Um die Aufwände der Reisebüros zumindest etwas auszugleichen, brachte Aerticket-Chef Klee die (Wieder-)Einführung einer, wenn auch geringen Grundvergütung in die Diskussion ein. Das gebe es schließlich auch in anderen Ländern. Ein Ansatz, von dem Eurowings-Manager Brix – wenig überraschend – wenig hielt. Man sei schließlich eine Low Cost und High Value Airline. Eine "Gießkannen"-Provision sei aktuell für Eurowings kein Thema.

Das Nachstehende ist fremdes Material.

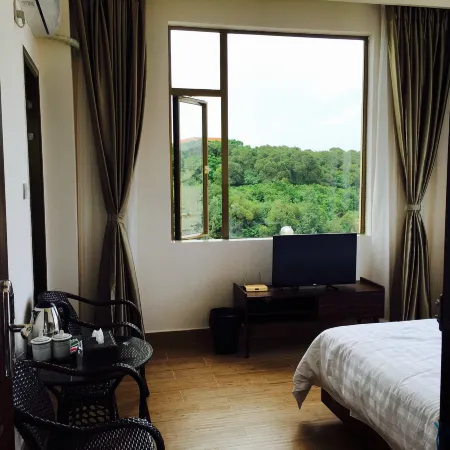 Haijingwan Hotel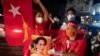Hasil Perhitungan Resmi Pemilu Myanmar Kukuhkan Kemenangan Partai Suu Kyi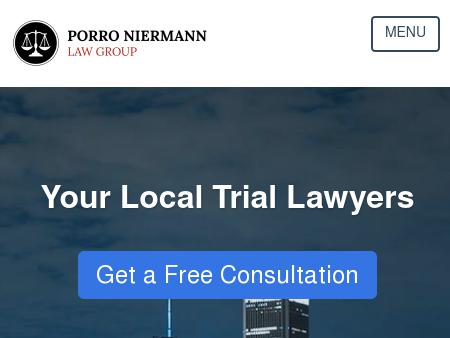 Porro Niermann Law Group, LLC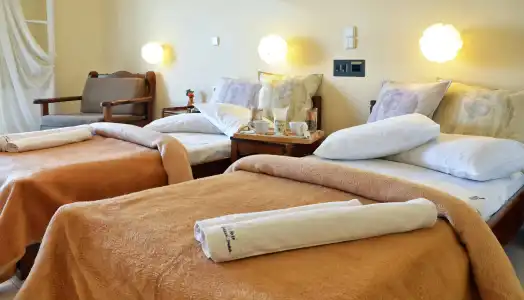 Belussi Beach & Suites - 4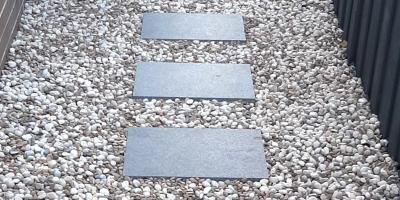 Bluestone Stepping Stones Supplier Sydney - Sydney Other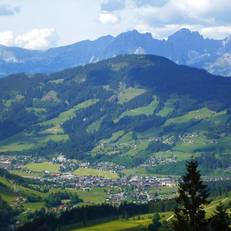 Alpen Glück Kirchberger Hof
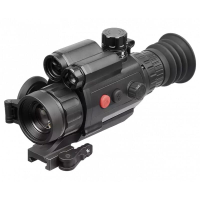 AGM Neith LRF DS32-4MP 2560x1440 Digital Day & Night Vision Riflescope w/LRF 814511235314NL51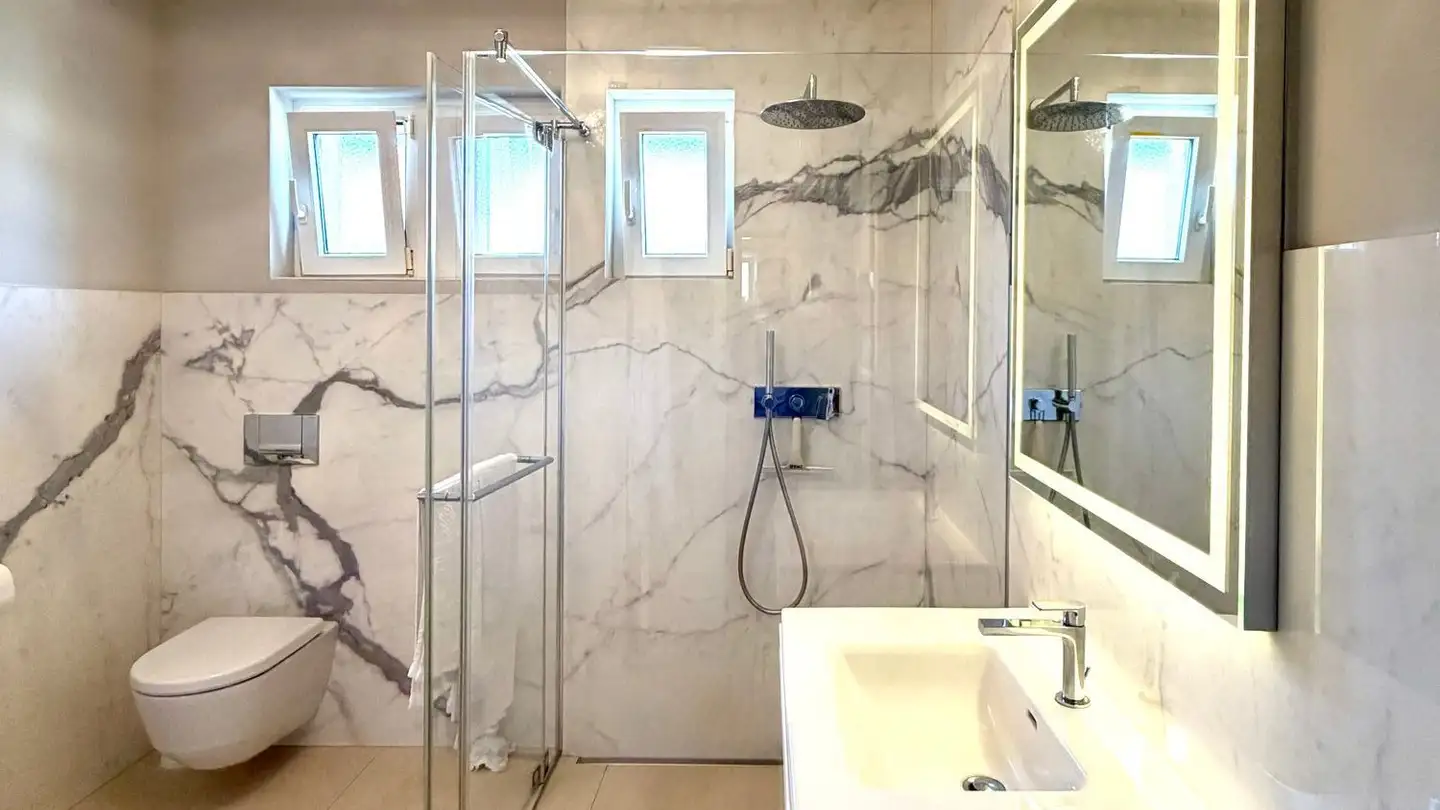 Apartment for rent - Hallwilstrasse 10a, 5600 Lenzburg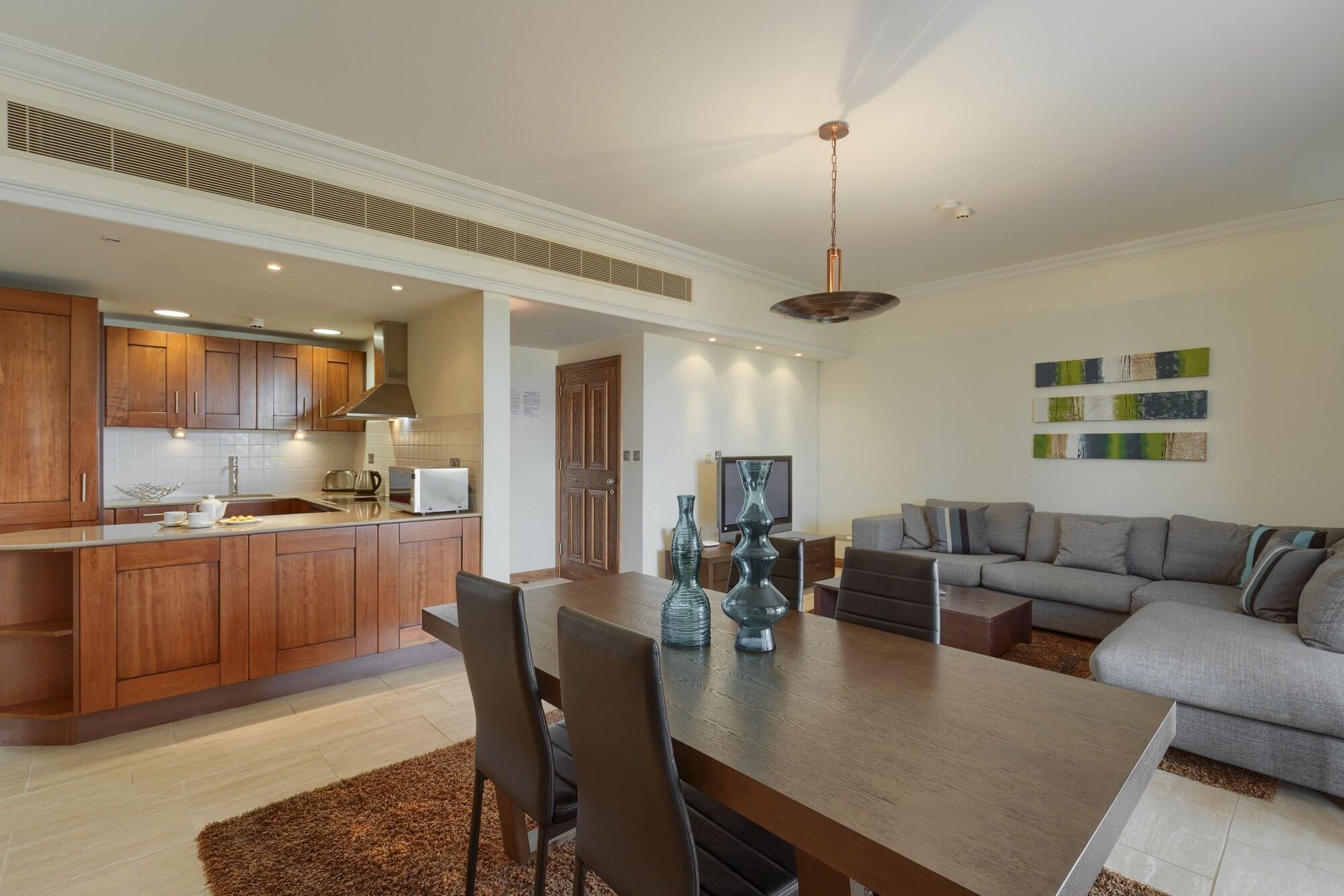 Aphrodite Hills Holiday Residences Ngoại thất bức ảnh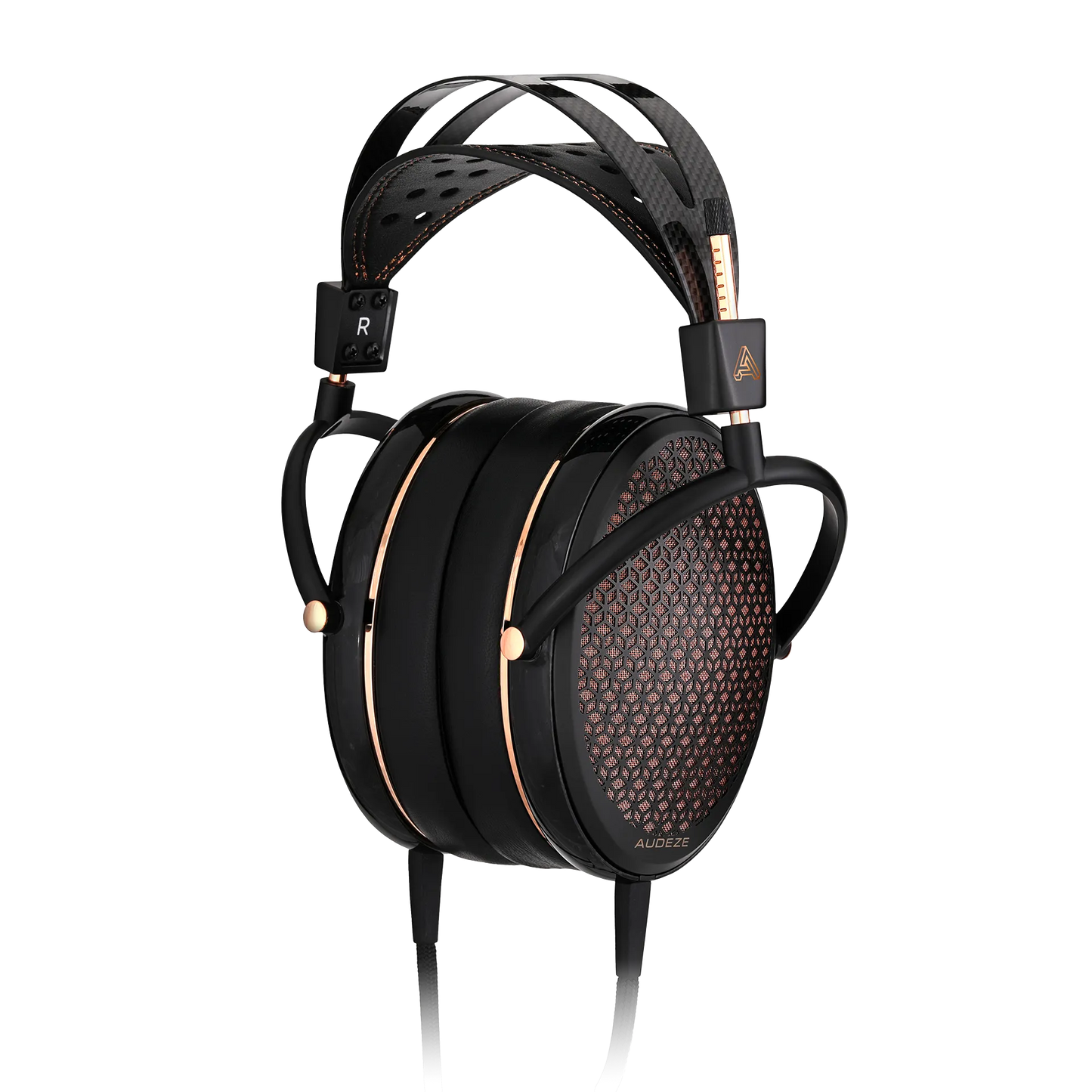 Audeze CRBN2 - Open Back Electrostatic Headphones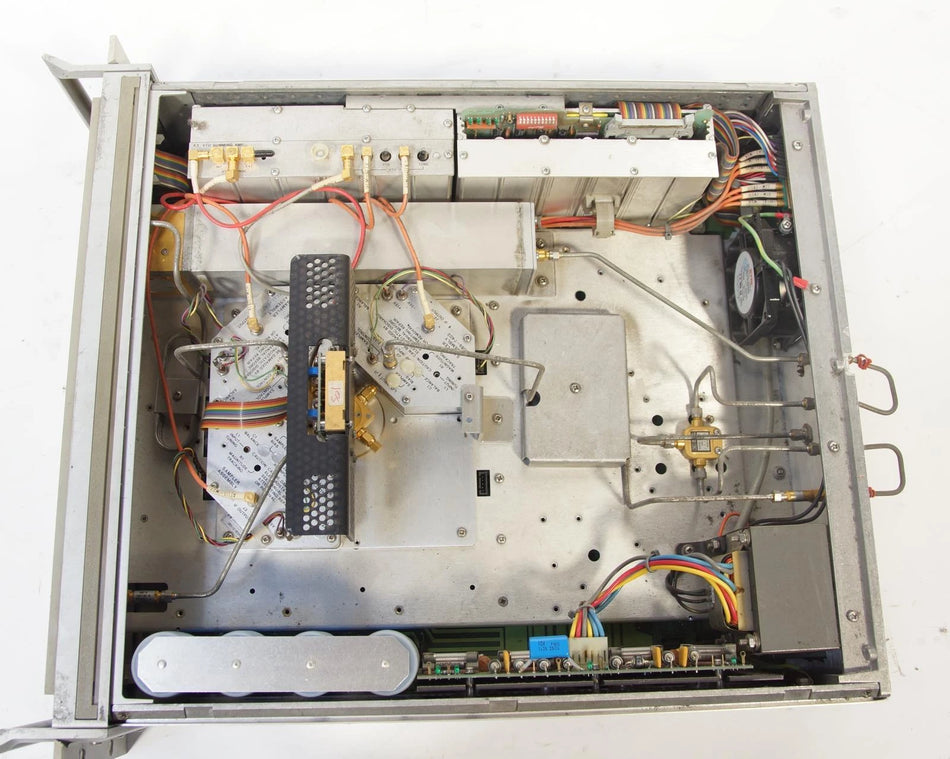 HP / Agilent 8513A  Reflection Transmission Test Set 45 MHz - 26.5GHz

Anders im Übrigen, als bei Sun Epress. Das Joint Venture von Lufthansa und Turkish Airlines zahlt nach wie vor eine Provision in Höhe von fünf Prozent. Mindestens genauso wichtig, so der Appell von Sun-Expres-Verkaufschef Peter Glade, sei, dass man im Dialog bleibe. Ohne das Gespräch darüber, was funktioniert und was nicht funktioniert, werde es nicht gehen. Und Gesprächsbedarf wird es sicher auch noch in den kommenden Monaten reichlich geben.

1 Kommentar

Sie müssen sich einloggen oder registrieren, um kommentieren zu können.

1.
Erika Schmutz
Erstellt 14. September 2022 13:33 | Permanent-Link

Wie lange soll es denn noch so weiter gehen, dass Flüge gestrichen werden und die Mitarbeiter, trotz schwieriger Zeiten für die ganze Branche, immer mehr Geld wollen, bis die Kunden keine Lust mehr haben zu fliegen und schon gar nicht mit Lufthansa. Was sollen da die Reisebüro-Inhaber sagen, die zwei Jahre nur umsonst gearbeitet haben und 2022 auch weniger verdienen als vor der Pandemie. Der Zeitaufwand pro Vorgang ist jedoch viel größer geworden.